The Boltzmann Machine Learning Algorithm

The Goal of Learning

In the context of Boltzmann Machines, the primary objective of the learning process is to empower the model to accurately represent the underlying probability distribution of the training data. This is achieved by adjusting the network's weights and biases to maximize the likelihood that the machine assigns to the observed data.

Maximizing Probabilities for Training Data

• Log-Probability Maximization: The learning algorithm seeks to maximize the product of the probabilities that the Boltzmann machine assigns to the binary vectors present in the training set. Mathematically, this is equivalent to maximizing the sum of the log probabilities for these training vectors, which simplifies optimization through gradient ascent.
• Statistical Replication: An intuitive way to understand this goal is to imagine repeating an experiment: if we allowed the Boltzmann machine to settle to its stationary distribution `N` different times (where `N` is the number of training cases) without any external input, and then sampled a visible vector once each time, we would aim for these `N` samples to exactly match our original `N` training cases. This implies that the model has learned the data's distribution perfectly.

Why the Learning Could Be Difficult

While the goal is clear, the practical implementation of Boltzmann Machine learning presents significant computational challenges, primarily due to the intricate dependencies among the units, especially within hidden layers. These dependencies lead to a complex energy landscape that is difficult to navigate during optimization.

The Interdependence of Weights

Consider a simplified scenario: a chain of units where visible units are situated at the ends, connected through a series of hidden units. Let's denote the weights connecting these units as w1, w2, w3, w4, w5 along the chain.

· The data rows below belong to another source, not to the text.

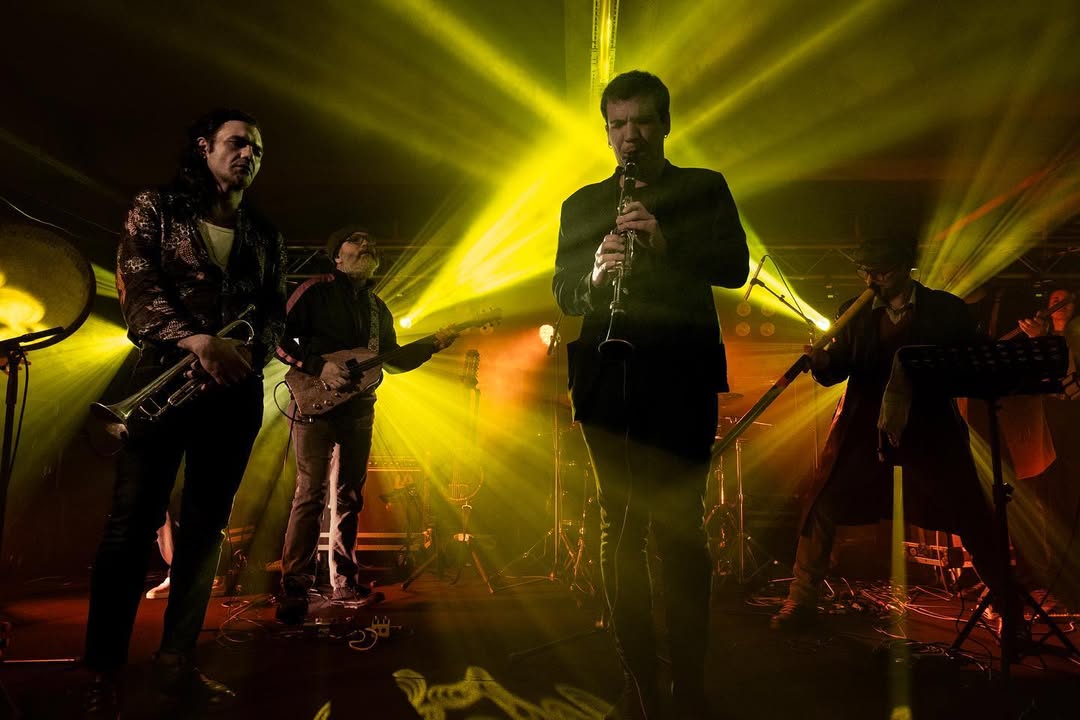 Zamansız Bir Enstrümantal Yolculuk: Burak Keleş & Onur Çalışkan – “Old Street” (2025)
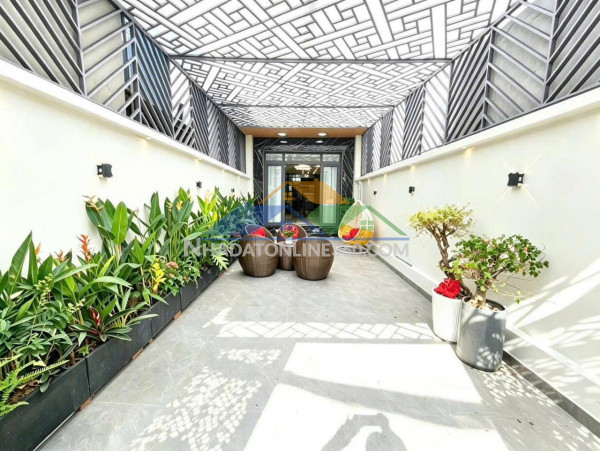 Nhà phố chân dài mênh mang, 4.1x29m, sân đậu 2 ô tô, gần phú mỹ hưng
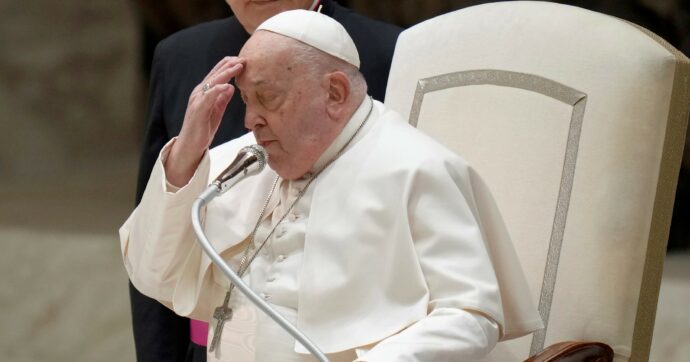 “La polmonite non guarisce”. Timori per la salute del Papa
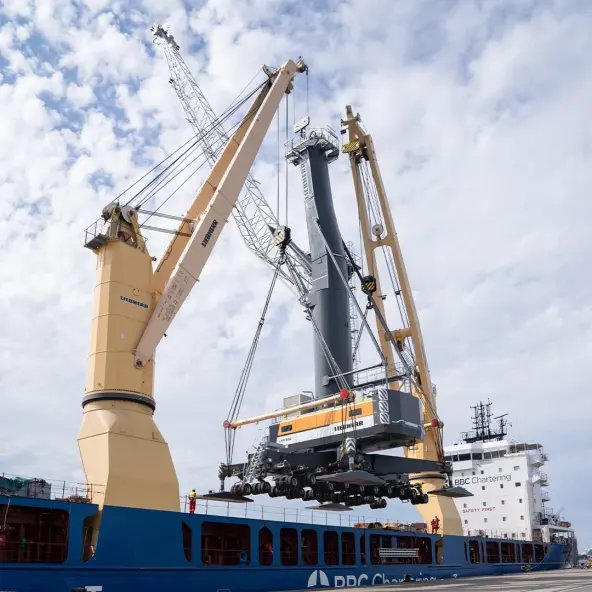 Liebherr Maritime CBB 3400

The gradient of the log-likelihood function for a Boltzmann Machine involves two terms: a positive term representing the "data-driven" correlation and a negative term representing the "model-driven" correlation. Calculating these correlations accurately requires running the network until it reaches thermal equilibrium, a process that can be computationally intensive and slow, especially in networks with many hidden units or complex connectivity. This "sampling problem" is a core difficulty in Boltzmann Machine learning.